Nifong said he did not make all the mistakes alleged by the bar, "but they are my mistakes."

"It has become increasingly apparent, during the course of this week, in some ways that it might not have been before, that my presence as the district attorney in Durham is not furthering the cause of justice," Nifong said.

Nifong started in the Durham County prosecutor's office nearly three decades ago as a volunteer attorney fresh out of law school. Appointed district attorney in 2005, he was in the middle of his first election as a candidate for the office when a 28-year-old woman told police she had been raped and beaten in a bathroom by three men at a party.

His resignation announcement came at the conclusion of a brutal afternoon of testimony, during which Nifong mixed expressions of remorse with proclamations of ignorance as he attempted to defend his actions. Nifong stunned even his own attorneys with the news, who said they had no idea what their client had planned.
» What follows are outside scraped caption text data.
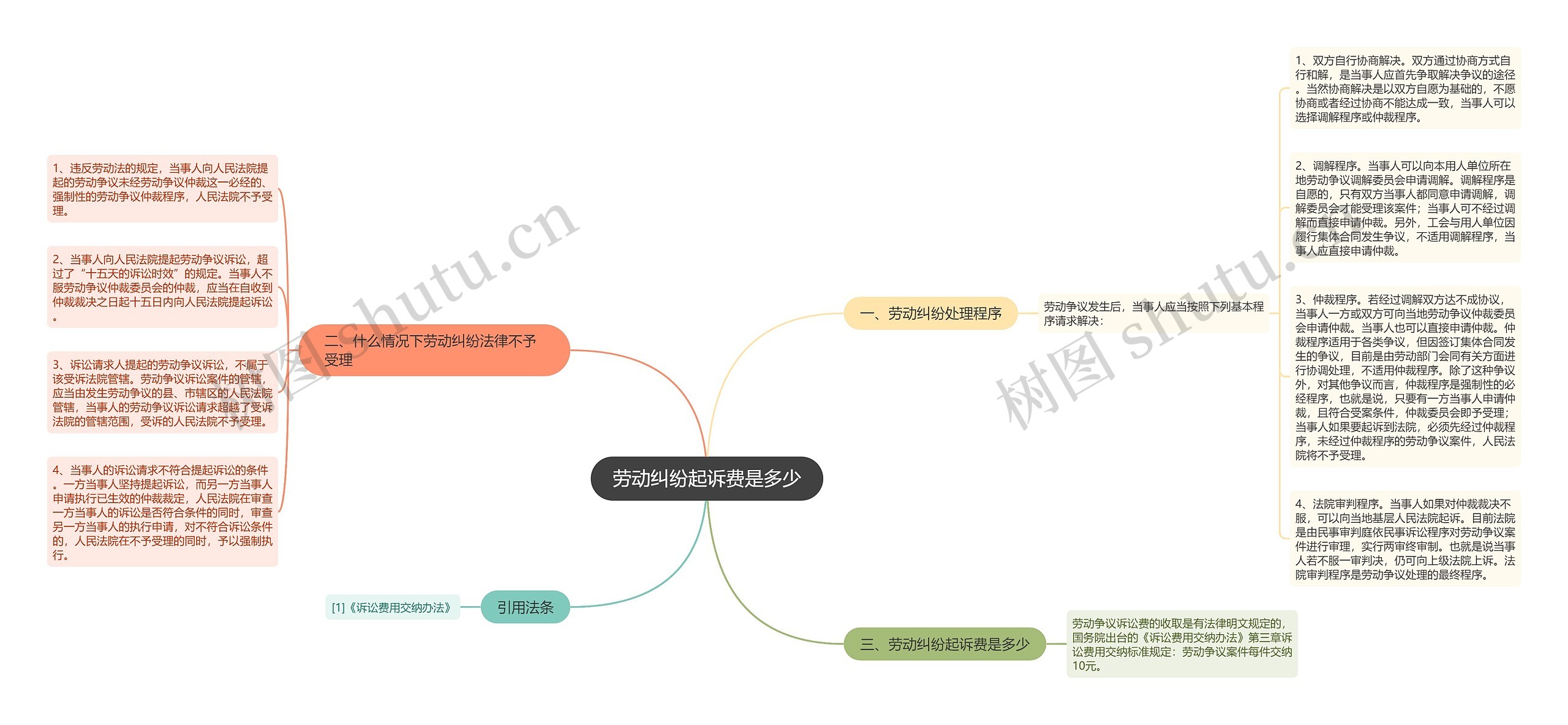 劳动纠纷起诉费是多少思维导图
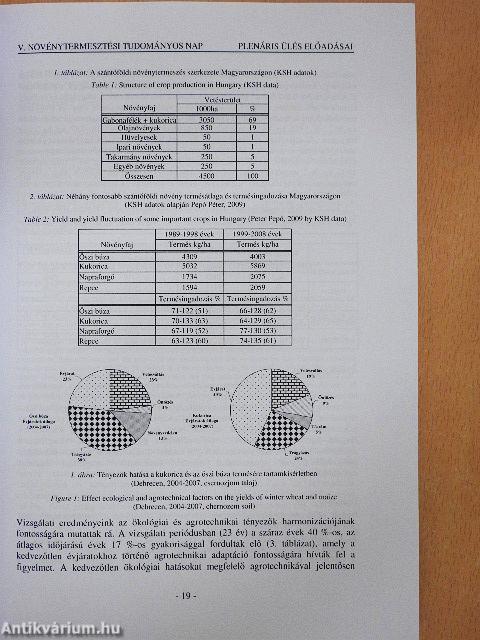 V. Növénytermesztési Tudományos Nap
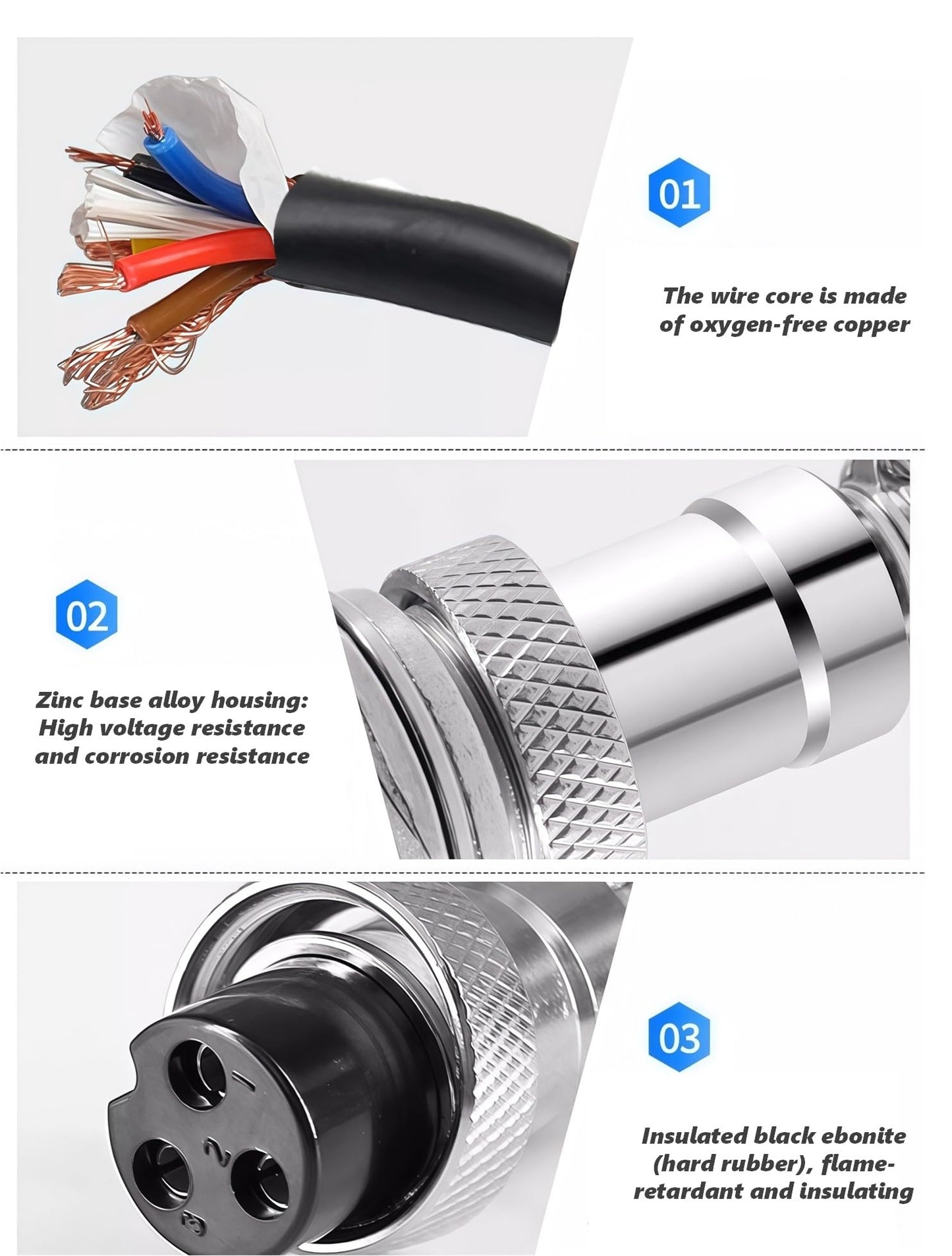 Triowei GX16 3 Pin Aviation Connector Cable, 9.84FT Double Female Extension Cord with Panel Mount, Circular Metal Plug Wire for Industrial Equipment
"It is not fair for the people of my community to be represented by someone who is not held in high esteem by either the members of the community or the members of the profession," Nifong said. "I will go to my grave being associated with this case. And that's OK. I don't have a problem with that."

His soft-spoken statements were barely audible in the courtroom, where observers leaned forward in their chairs as they struggled to hear Nifong through his tears. But the families of cleared players Reade Seligmann, Collin Finnerty and Dave Evans watched with little emotion, and Evans' attorney rejected Nifong's attempt to take responsibility.

"It was an obvious cynical ploy to save his law license, and his apology to these people is far too little and comes far too late," defense lawyer Joseph Cheshire said.

North Carolina Attorney General Roy Cooper, who in April said the three athletes were "innocent" victims of a rogue prosecutor's "tragic rush to accuse," declined to comment. Gov. Mike Easley, who appointed Nifong to the job and will be called on to pick his replacement, also had no comment, a spokeswoman said.